## Supplied information

__________________________________________________

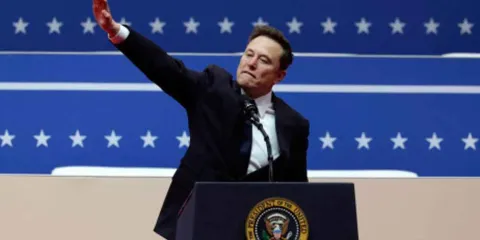 ¿Elon Musk hizo el saludo nazi en investidura de Trump?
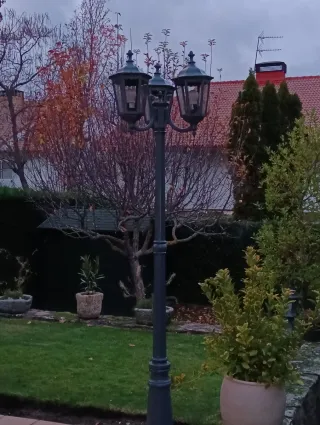 Lote farolas de jardín gris,
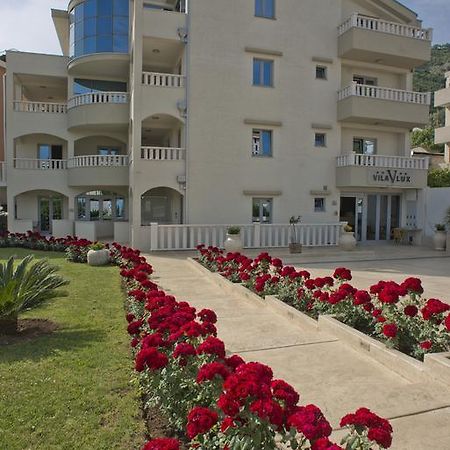 Vila V Lux Apartments Petrovac Buitenkant foto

__________________________________________________

## Task requirements
Without any of its images, the data above should be returned exactly.

## Result of this exercise
 ¿Elon Musk hizo el saludo nazi en investidura de Trump?
 Lote farolas de jardín gris,
 Vila V Lux Apartments Petrovac Buitenkant foto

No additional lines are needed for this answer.